Your instructions =>
In the material below, find the line with "紅白出場歌手へ古市憲寿が放ったquotある一言quotに一同炎上！ [upl. by" and the line with "CHRYSLER/DODGE/JEEP/RAM/VOLKSWAGEN - 2008-2013". Output exactly those two lines and all lines between them, leaving out pictures.

Records supplied =>
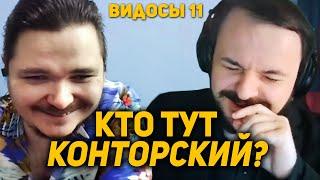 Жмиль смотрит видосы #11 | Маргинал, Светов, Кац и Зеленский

--

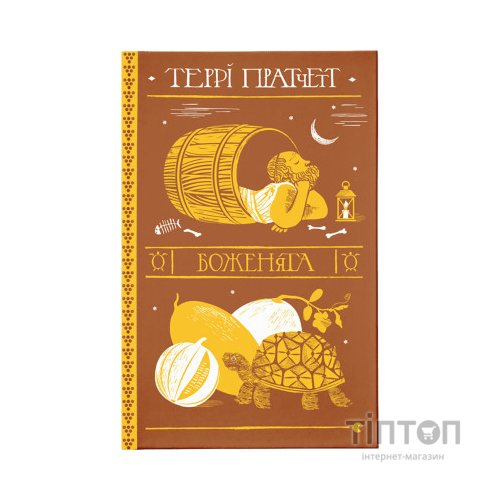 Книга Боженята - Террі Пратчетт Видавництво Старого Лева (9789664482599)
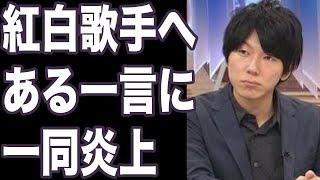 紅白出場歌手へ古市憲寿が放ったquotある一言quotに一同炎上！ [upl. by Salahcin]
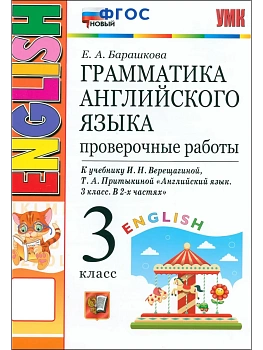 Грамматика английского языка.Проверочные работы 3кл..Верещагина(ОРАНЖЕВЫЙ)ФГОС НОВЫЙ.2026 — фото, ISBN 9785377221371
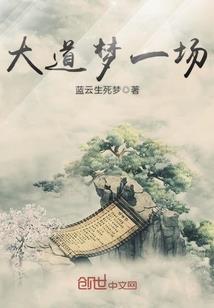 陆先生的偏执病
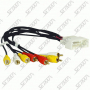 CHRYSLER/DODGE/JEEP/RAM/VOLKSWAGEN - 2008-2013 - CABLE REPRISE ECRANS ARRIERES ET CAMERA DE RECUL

---

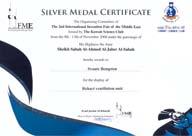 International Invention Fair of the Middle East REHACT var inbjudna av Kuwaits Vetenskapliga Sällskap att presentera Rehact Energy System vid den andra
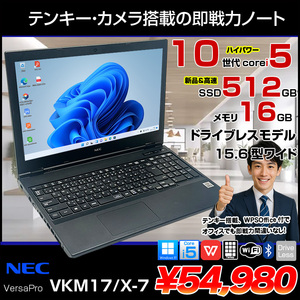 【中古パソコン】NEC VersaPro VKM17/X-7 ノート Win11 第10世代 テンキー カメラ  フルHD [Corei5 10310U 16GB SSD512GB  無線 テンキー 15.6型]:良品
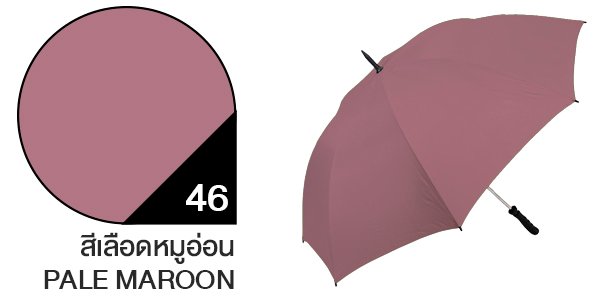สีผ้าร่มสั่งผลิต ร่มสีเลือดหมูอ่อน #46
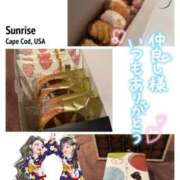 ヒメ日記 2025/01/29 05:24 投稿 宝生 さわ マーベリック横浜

Task answer =>
 紅白出場歌手へ古市憲寿が放ったquotある一言quotに一同炎上！ [upl. by Salahcin]
 Грамматика английского языка.Проверочные работы 3кл..Верещагина(ОРАНЖЕВЫЙ)ФГОС НОВЫЙ.2026 — фото, ISBN 9785377221371
 陆先生的偏执病
 CHRYSLER/DODGE/JEEP/RAM/VOLKSWAGEN - 2008-2013 - CABLE REPRISE ECRANS ARRIERES ET CAMERA DE RECUL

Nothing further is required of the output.